The implementation of bird scaring lines, commonly known as tori lines, across the fleet has dramatically reduced the number of seabirds killed during trawling operations. However, bird scaring lines are not the panacea of seabird mortalities and a number of threats to seabirds were still identified.
Bronwyn Maree, BirdLife South Africa’s Albatross Task Force Leader, noted that “the main threat to seabirds is the entanglement and subsequent drowning of the birds around the trawl cables (warps), while they are foraging behind the vessels (on fishery discards)”.
Russell Hall, Sea Harvest Trawl Division Manager and Chair of the RFA Seabird Bycatch Mitigation working group, explains: “The primary threat particularly to the larger birds is the potential collisions with the vessel’s trawl warps during fishing operations. The birds can be snagged on the trawl warp and drowned during the feeding frenzy that takes place around the stern of the vessel”.
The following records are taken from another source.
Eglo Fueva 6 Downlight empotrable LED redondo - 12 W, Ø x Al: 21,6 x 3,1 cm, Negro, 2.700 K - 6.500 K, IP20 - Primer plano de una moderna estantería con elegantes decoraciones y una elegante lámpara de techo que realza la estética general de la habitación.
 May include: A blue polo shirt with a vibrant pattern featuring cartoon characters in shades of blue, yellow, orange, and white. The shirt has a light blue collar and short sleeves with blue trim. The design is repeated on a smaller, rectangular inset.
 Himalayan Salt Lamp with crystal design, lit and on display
In line with this need to further reduce the danger posed to seabirds by fishing operations, the RFA in collaboration with BirdLife South Africa proceeded to implement an innovative management system that would investigate and develop vessel-specific mitigation mechanisms attending to threats harboured by the RFA vessels.
The services of Barrie Rose, seabird consultant and one of South Africa’s most experienced seabirders, was acquired to undertake the task of developing BMPs for each of the vessels belonging to the RFA constituent companies. Rose boarded 15 vessel types belonging to the RFA and identified all possible instances where interactions between the fishing gear and seabirds may result in injury or mortality. In collaboration with vessel managers and sea-going staff, a practical set of solutions was developed to address environmentally harmful practices without compromising the vessels’ productivity.
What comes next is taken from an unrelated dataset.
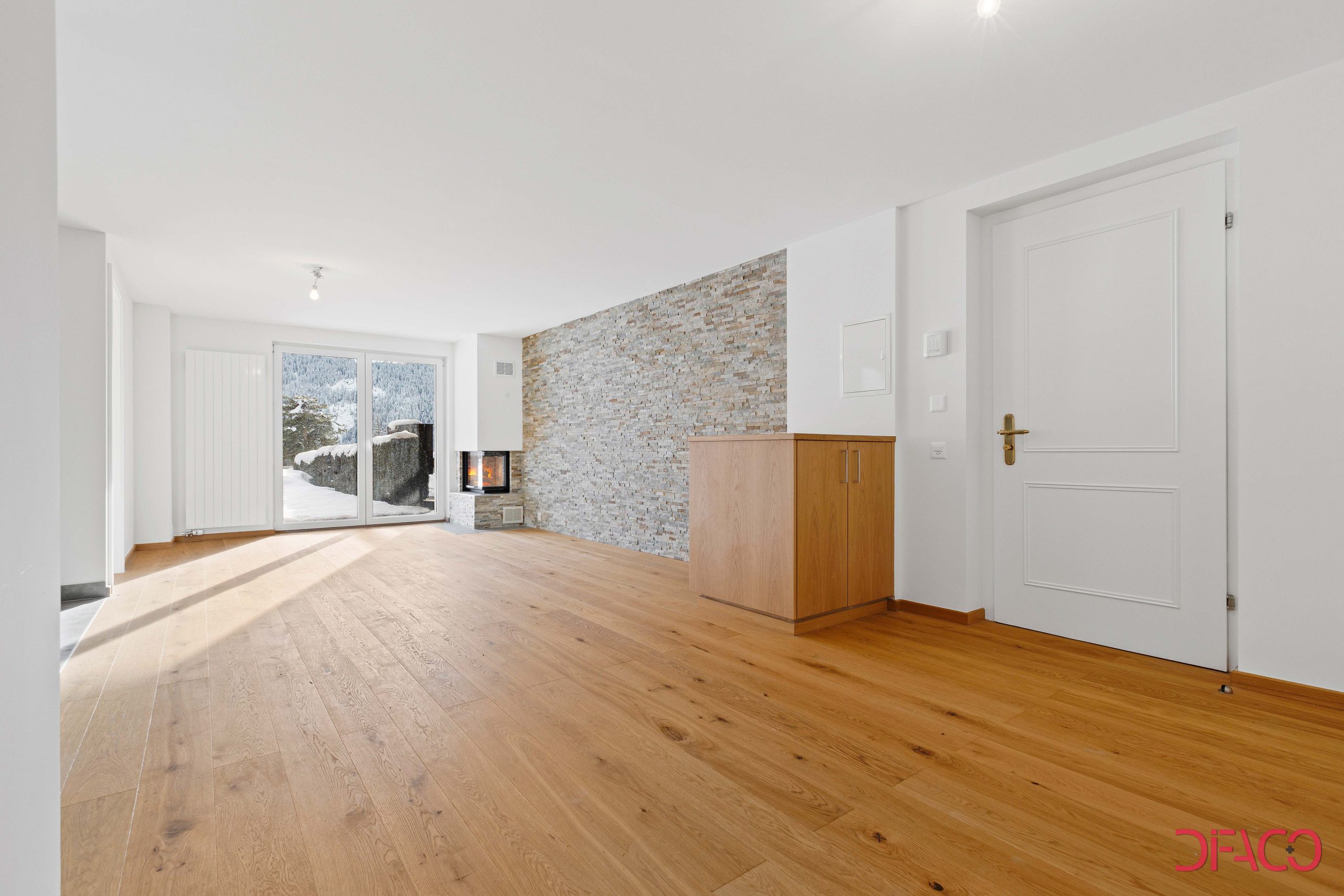 Heller Wohnraum mit Kamin und Bergblick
The implementation of BMPs have yielded a number of successes including a change to the hake deep sea permit conditions to ensure that tori lines are deployed in a manner that more effectively reduces seabird mortalities. It also afforded shore based managers the opportunity to board vessels, interact directly with the sea-going cadre and obtain first-hand exposure to some of the challenges experienced at sea.
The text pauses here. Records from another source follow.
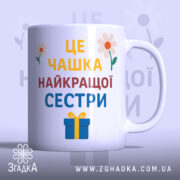 Чашка найкращої сестри подарунок, біла з кольоровим принтом, зображення з фронтального ракурсу, фон світло-фіолетовий, на чашці напис великими літерами: 'ЦЕ ЧАШКА НАЙКРАЩОЇ СЕСТРИ', з квітами та подарунком, ручка кругла, край рівний, глянцева поверхня.
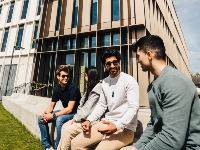 students sat outside a building on campus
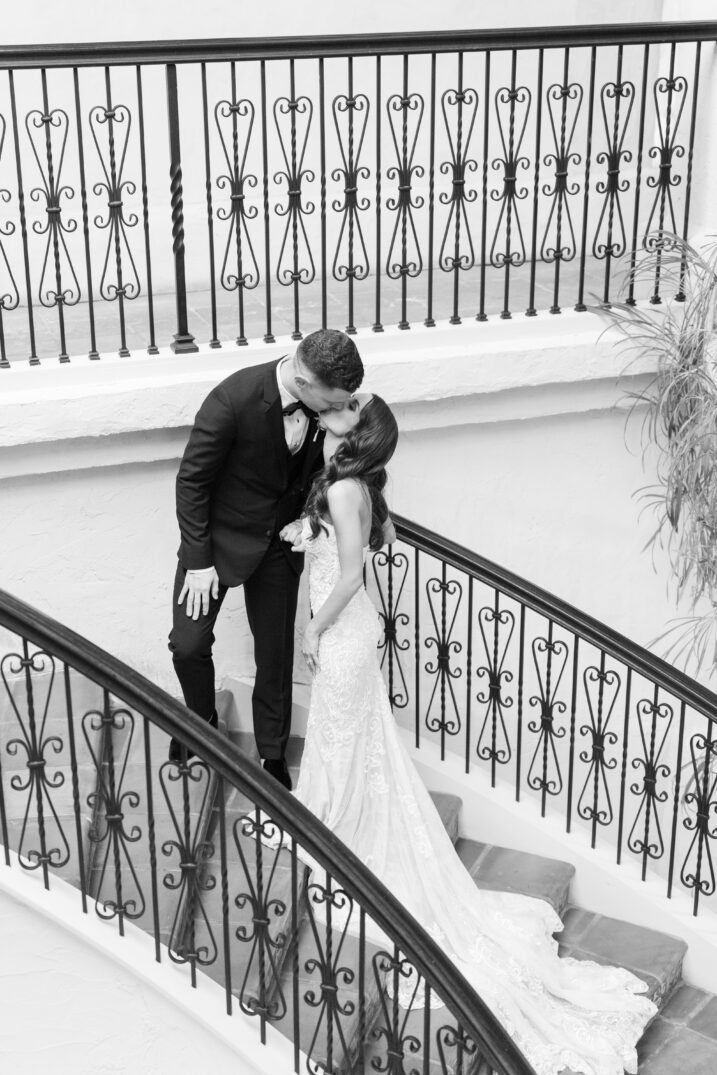 bride and groom kissing staircase black and white Italian inspired wedding high-end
Maree praises the impacts made by BMPs adding that the project has “been a positive process as it has involved people from various levels in the fishing industry and allowed everyone to become involved and actively participate”. “It has created increased awareness on the ground (vessels) about seabirds and the positive solutions available that best suit everybody from the fishing industry and government to NGOs”, she says.
Hall reckons that central to the success of the BMP project is “the development of practical bird mitigating measures that have been observed to work at sea”. “BMPs were developed where it mattered; at sea, on the vessel with the full cooperation of the Skipper, his crew and the owners representative”. It is expected that the additional bird mitigating changes made over the last 18 months will further reduce seabird mortalities in the deep sea trawl sector, he says.
The benefits of the BMP project is set to be rolled out to the rest of deep sea trawl fleet as other companies seek to reduce their impact on marine birds.
**The RFA is a partnership between WWF-SA and I&J, Oceana Group, Sea Harvest and Viking Fishing.